**Task to carry out**
Beneath this task are records; print exactly the stretch of them from the line with "Doron (Azumaya Koushou) Chapter 7 18ページ" through the line with "삼겹살의 느끼함을 잡아주는 새콤달콤 페퍼민트 장아찌", both ends included.

**Given information**
:::

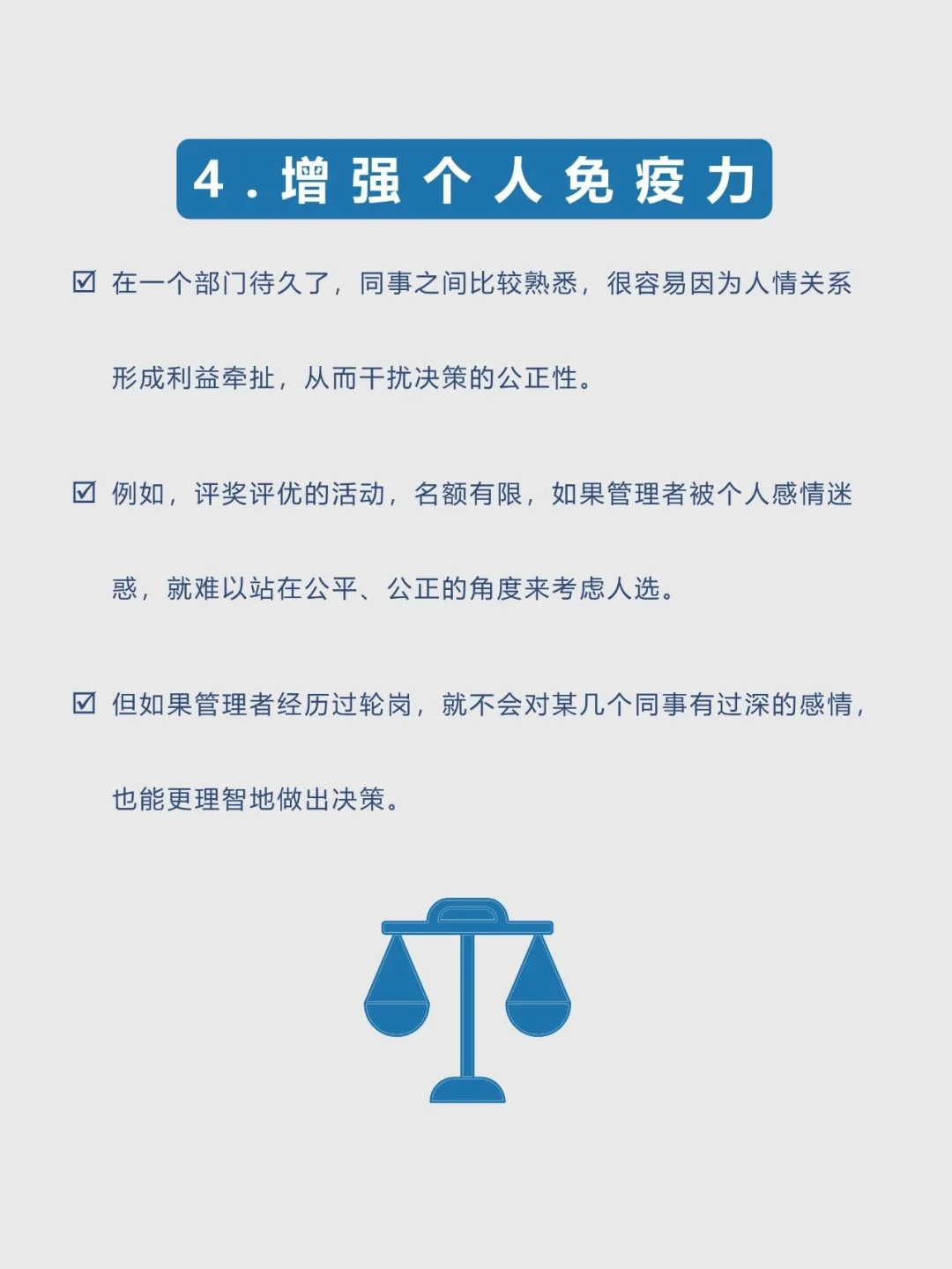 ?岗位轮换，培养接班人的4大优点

:::

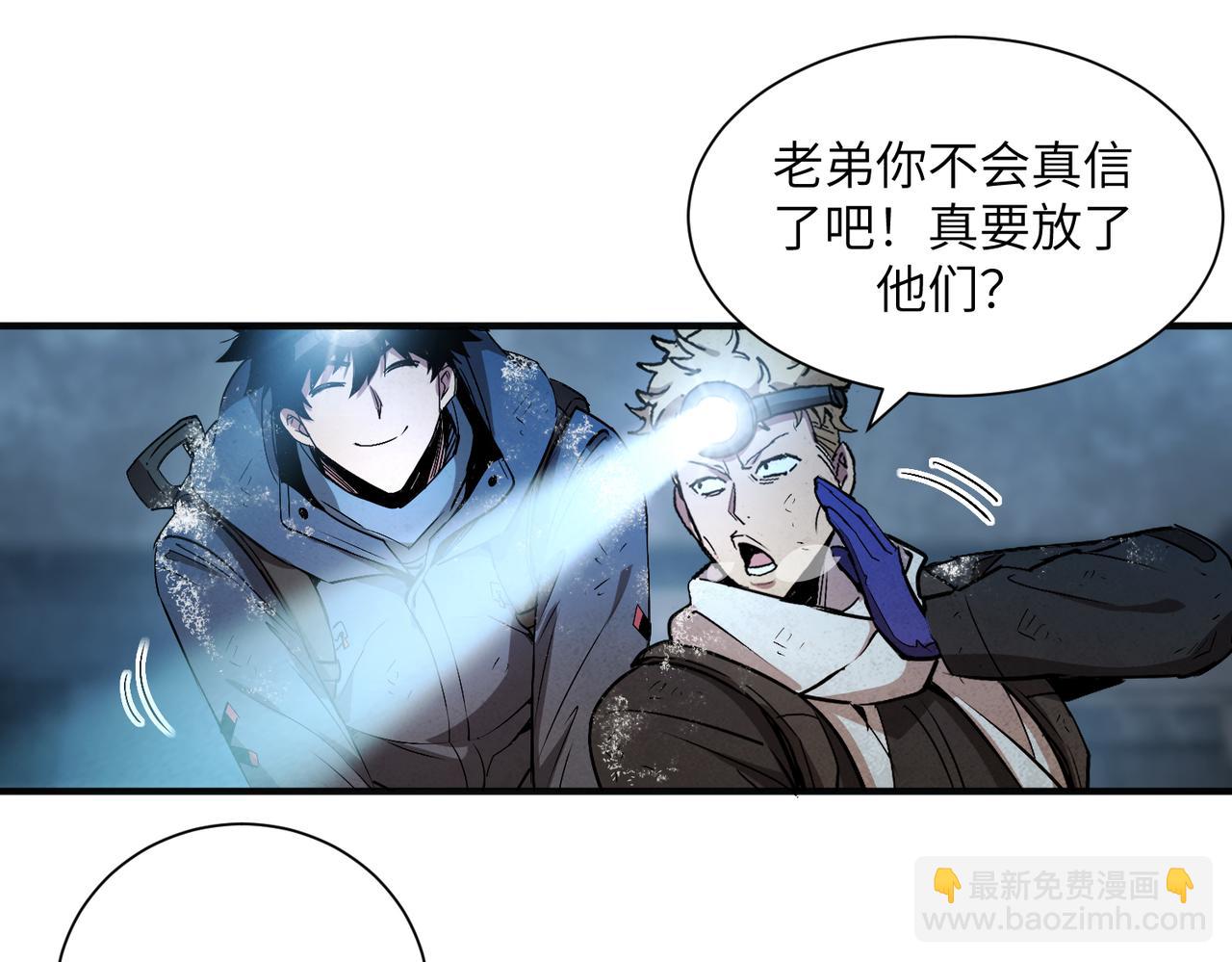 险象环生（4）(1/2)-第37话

:::

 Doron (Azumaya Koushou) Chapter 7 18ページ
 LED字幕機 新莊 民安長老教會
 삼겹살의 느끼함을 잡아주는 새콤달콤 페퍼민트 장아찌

:::

**Finished exercise**
 Doron (Azumaya Koushou) Chapter 7 18ページ
 LED字幕機 新莊 民安長老教會
 삼겹살의 느끼함을 잡아주는 새콤달콤 페퍼민트 장아찌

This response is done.